Romero, en maître d’orchestre instinctif, nous immerge dans un hypermarché devenu forteresse assiégée, aux côtés d’un quatuor de survivants (trois hommes, une femme) venus s’y confiner, tentant de préserver un présent déjà rongé par le chaos. À ce titre, les séquences intimistes et mélancoliques, où affleurent leurs états d’âme sentencieux, demeurent d’une éloquence contenue, empreinte d’une pudeur contrariée.
Les zombies, grimés de fards bleuâtres aux maquillages modestes, n’en restent pas moins fascinants, inquiétants, hypnotiques. Leur démarche, génialement lymphatique – véritable chorégraphie commune –, couplée à leurs regards hagards, dénués d’expression, produit un effet immédiat : on y croit à fond, sans poser de questions. Leur menace est crédible. D’autant plus que les survivants, stoïques mais fragiles, sont rongés de l’intérieur. Ils contemplent, en direct, la déliquescence morale du monde. Folie, jouissance sadique, pensées suicidaires : l’humain s’effondre, contaminé de l’intérieur.
Le centre commercial, filmé sous toutes les coutures, devient un terrain de jeu paranoïaque. Romero en explore chaque recoin avec une inventivité débridée, notamment lors de séquences de défense aux stratégies aussi absurdes que brillamment percutantes.
Et que dire de cette pléthore d’effets sanglants, à n’en plus finir – aussi émétiques que jubilatoires ? Romero et Tom Savini s’en donnent à cœur joie dans la chair éclatée, les membres arrachés, les corps démembrés, les têtes explosées ou décapitées, avec un réalisme d’une crudité implacable. Car si Zombie dérange autant, c’est aussi par sa vérité nue : le portrait sans fard d’un égoïsme primaire, d’un instinct de possession féroce chez ces survivants repliés sur leur gâteau bientôt convoité par une horde de Hell’s Angels.

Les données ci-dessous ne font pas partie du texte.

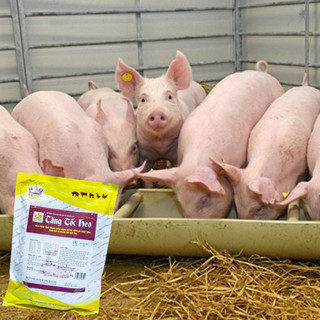 Tăng tốc heo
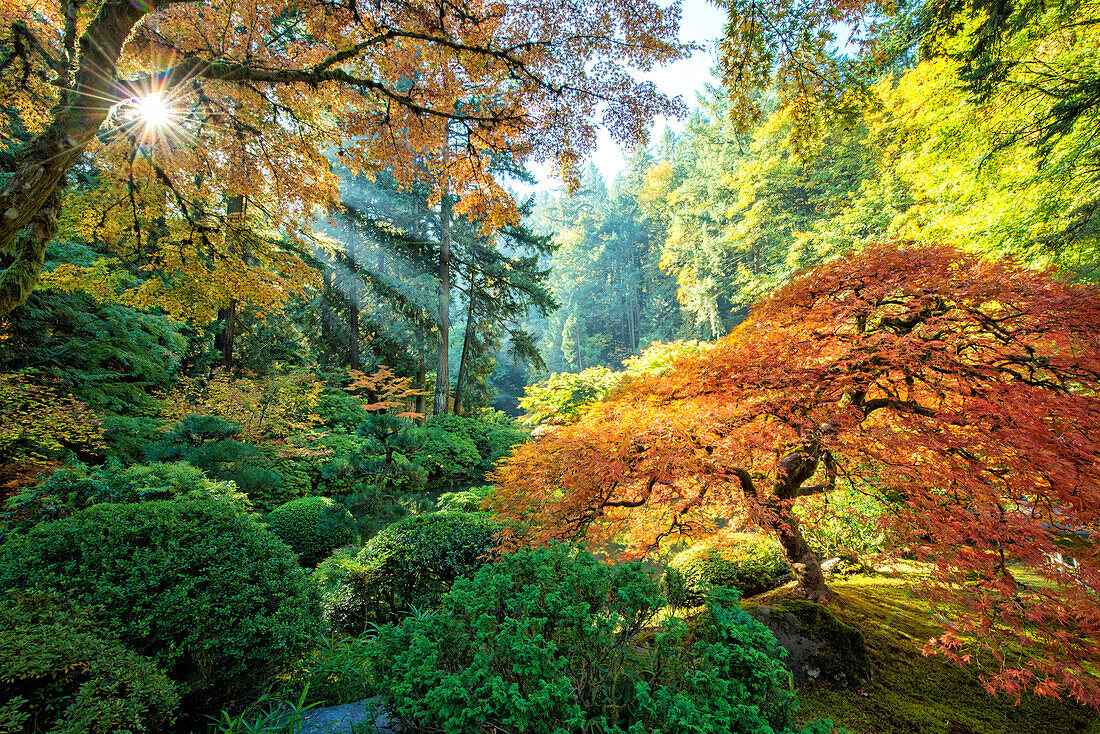 Portland Oregon, japanischer Baum im Herbstlaub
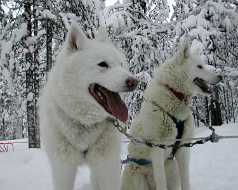 Randonnée chiens de traineaux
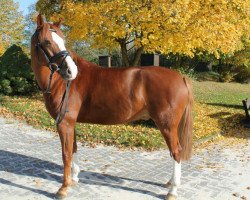 Springpferd Chameur 128 (Österreichisches Warmblut, 2006, von Charivari)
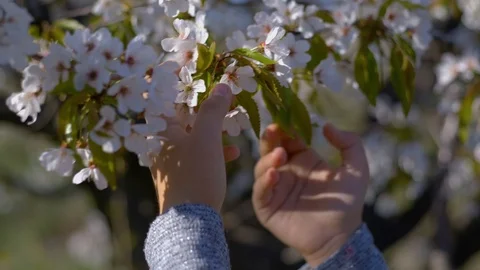 Walk in the spring garden of two sisters Stock Footage 102682159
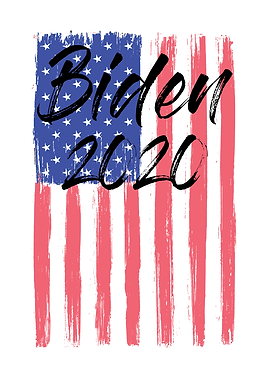 Biden Election Year 2020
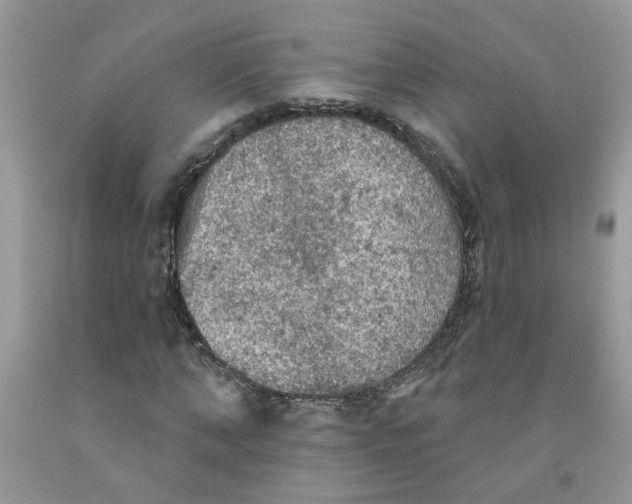 X0000091510870200709141353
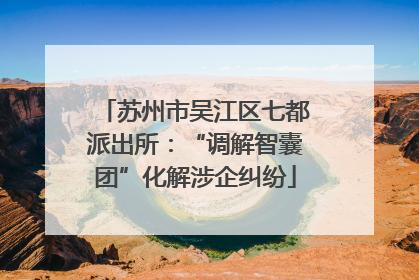 苏州市吴江区七都派出所：“调解智囊团”化解涉企纠纷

D’une ultra-violence à la fois cartoonesque et viscéralement éprouvante, Zombie parvient à être fun tout en restant profondément dérangeant, inquiétant, malaisant. Il déprime. Il secoue. Il exorcise. Ses actions sont animées par la folie, le goût du sang, le plaisir de tout foutre en l’air. Jusqu’à un final terriblement nihiliste.
Un des plus grands films de l’histoire, porté par l’inoubliable partition électrisante des Goblin, qui scelle son impact émotif d’une manière dévastatrice. Un cinéma d’audace, de rage politique malgré lui, aujourd’hui tristement disparu.